The first Ghost Rider film might not have been up to much, but the sequel comes from the creators of the berserk Crank movies, so it could end up being as enjoyably haywire as Cage himself. And there are plenty more superhero adventures where that came from. July sees the rebooting of the Spider-Man franchise, with Andrew Garfield as the new kid behind the mask in The Amazing Spider-Man, and Emma Stone as his high-school sweetheart. In the same month, there's The Dark Knight Rises, which purports to be the final instalment in Christopher Nolan and Christian Bale's Batman trilogy. Tom Hardy is the musclebound bad guy; Anne Hathaway is Catwoman.

But the biggest superhero blockbuster is likely to be The Avengers, Marvel's mega-expensive team-up of Iron Man, Thor, Captain America and the Hulk. It's written and directed by Joss Whedon, the fantasy-comedy maestro behind TV's Buffy the Vampire Slayer, and it's one of two films he has out in April. The other is Cabin in the Woods, which he co-wrote with Drew Goddard, a Buffy alumnus and the writer of Cloverfield. It's set to be a typically clever subversion of the backwoods horror genre.

In March, the eccentrically punctuated new Aardman animation, The Pirates! In an Adventure with Scientists, sees the studio return to claymation. Hugh Grant provides the voice of the pirate captain. Then there's a ludicrously entertaining Jo Nesbo adaptation, Headhunters, which starts as a glossy corporate thriller before mutating into deranged farce, keeping a straight face throughout.

In May, Sacha Baron Cohen and his Borat director, Larry Charles, introduce The Dictator, surely the first Hollywood comedy to be inspired by a novel written by Saddam Hussein. If you prefer characters who are a little less extreme, there are two films revolving around knotty Anglo-American romances. The first is February's bracingly honest comedy drama Like Crazy, starring Felicity Jones and Anton Yelchin as two recent graduates who struggle to sustain their relationship in different continents. The second is The Five Year Engagement, a romcom with Jason Segel and Emily Blunt.

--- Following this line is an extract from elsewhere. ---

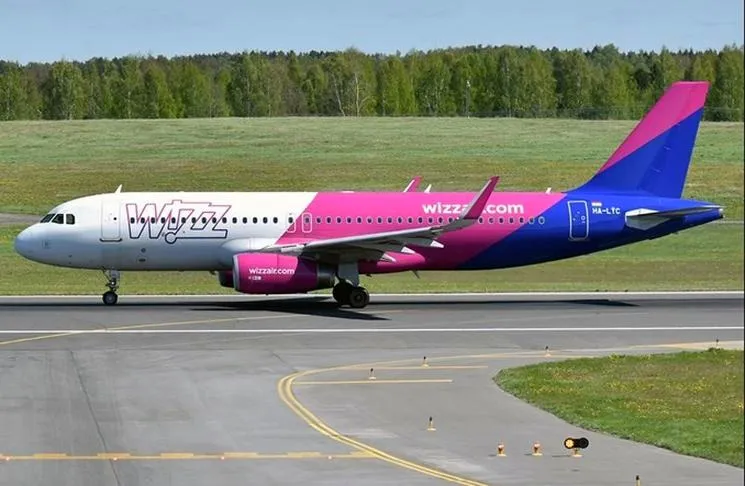 Ile może ważyć bagaż podręczny w Wizz Air — sprawdź przed podróżą, by uniknąć problemów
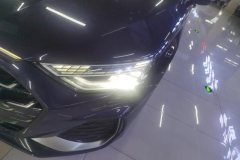 2025 Audi A3 Sedan 2025 A3L Limousine 1.5T AT 35TFSI gallopingExclusive #5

Later in the year, we can expect the return of two familiar action heroes – sort of. In fact, August's The Bourne Legacy is that most questionable of enterprises, a Bourne film with neither Matt Damon as its star nor Paul Greengrass as its director. Still, it has the same writer as the original Bourne trilogy, Tony Gilroy, and Jeremy Renner from The Hurt Locker as a Bourne-ish secret agent. Speaking of Bourne-ish secret agents, Daniel Craig's James Bond is back this October in Skyfall. The uninspiring title may sound as if it belongs to a spin-off video game, but it's intriguing to see that Sam Mendes is directing, and that he's hired Ralph Fiennes, Javier Bardem, Ben Whishaw and Naomie Harris too. Whishaw is playing Q, so the series might even refind its sense of humour.

Finally, in December, we're due Quentin Tarantino's spaghetti western, Django Unchained, which stars Jamie Foxx as a runaway slave. Spike Lee, who once accused Tarantino of wishing to be "an honorary black man", must be preparing his outraged response already.

Watch out for...

A decade ago, the Olsen twins were a scarily successful duo of child stars. But just as Macaulay Culkin's little brothers went on to outshine him, it's a younger sibling, Elizabeth Olsen who's got the talent. She's already garnered awards for her intense performance in Martha Marcy May Marlene (out next month), an unsettling drama about an escapee from a religious cult.